● **Input data**:
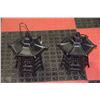 Image 1 : PAIR OF CAST IRON LANTERNS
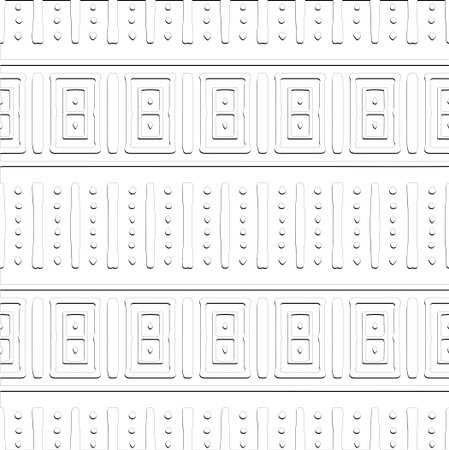 Abstract background with figures from lines. Black and white texture for web page, textures, card, poster, fabric, textile. Monochrome pattern. Repeating design.のイラスト素材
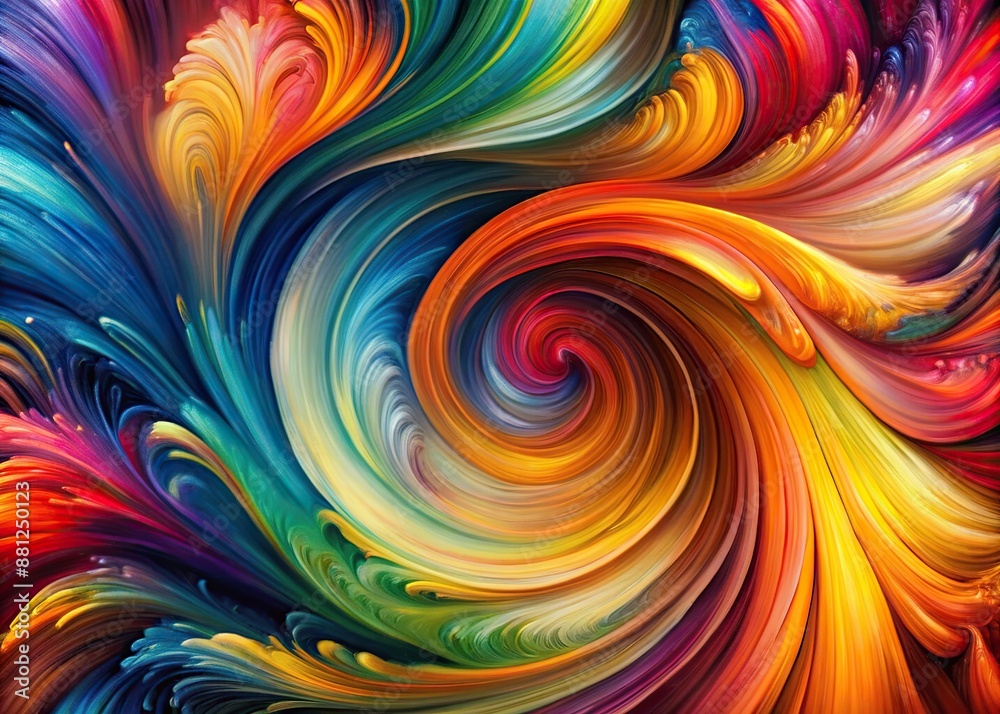 Vibrantly painted brushstrokes swirl together in a mesmerizing dance of color, creating a luxury abstract design that exudes elegance and sophistication. Vibrantly painted brushstrokes swirl together in a mesmerizing dance of color, creating a luxury abstract design that exudes elegance and sophistication.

● **Task details**:
Would you set down the listing exactly, omitting pictures?

● **Solution to the problem**:
 Image 1 : PAIR OF CAST IRON LANTERNS
 Abstract background with figures from lines. Black and white texture for web page, textures, card, poster, fabric, textile. Monochrome pattern. Repeating design.のイラスト素材
 Vibrantly painted brushstrokes swirl together in a mesmerizing dance of color, creating a luxury abstract design that exudes elegance and sophistication. Vibrantly painted brushstrokes swirl together in a mesmerizing dance of color, creating a luxury abstract design that exudes elegance and sophistication.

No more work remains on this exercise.